Faded Paper Figures @ Dakota Lounge, 5-13-09

This past Wednesday, while the rest of the city found out what lies in the shadow of the statue, I headed to Santa Monica to catch a set by Orange County's own indie/electro poppers, Faded Paper Figures. From listening to their songs ahead of time I expected it would be like the Postal Service show I never got to see, all blips and beeps and sensitive dudes with glasses.

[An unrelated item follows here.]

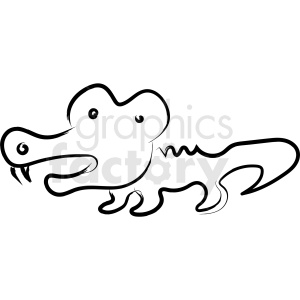 Simple black-and-white clipart image of a cartoon crocodile with exaggerated features such as a large head, big eyes, and fangs.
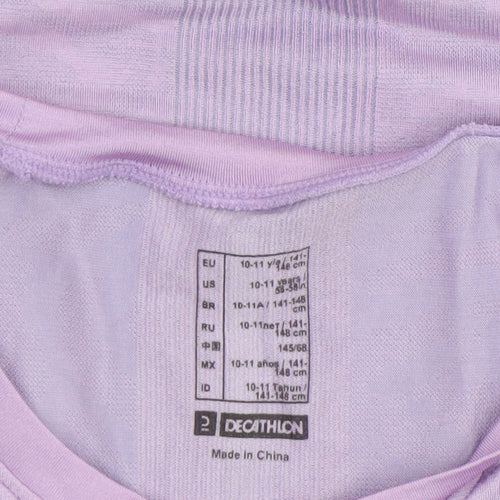Decathlon Girls Purple Short Sleeve Sports T-Shirt 10-11 Years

The bar was about half full when I arrived, a much better turnout than I thought for a weekday on the Westside. The band took a few minutes to set up a keyboard, a synth, 2 Apple laptops, an electric guitar and a bass, then got right into their 40-minute set. It took a little while for the members to get comfortable playing, and it probably didn't help that the audience was standing far away from the stage or sitting down while lead singer R. John Williams and bassist Kael Aiden danced away in their button down shirts with an endearingly awkward shuffle.

The best songs had touches of added keyboard layers in all the right places, courtesy of backing vocalist Heather Aiden, and made really great use of intricately programmed drumbeats. But some of the more rock-leaning tunes sounded canned and forced with electronic drums, and definitely could've benefited from a live drummer. The beat on one song sounded almost exactly like "Such Great Heights" but for the most part Faded Paper Figures wasn't as Postal Service-esque as I assumed, and Williams' voice had more in common with Colin Meloy or Jeff Mangum than with Ben Gibbard.

Towards the end of the set, Williams and Aiden excitedly announced the addition of a member to the Faded Paper Figures family -- the ever-popular analog lover's dream, the Moog synthesizer. The show ended with a synth-heavy song, Aiden bent over his new toy and pulling out warm, trippy sounds. But the synth overpowered the rest of the music and vocals, rather than working together smoothly, and it detracted from the big ending rather than making it.

I have to give the band lots of credit though for pulling off an entire set with just a couple computers backing them up -- if nothing else, they sound really good on recording even if their live show was a bit lacking.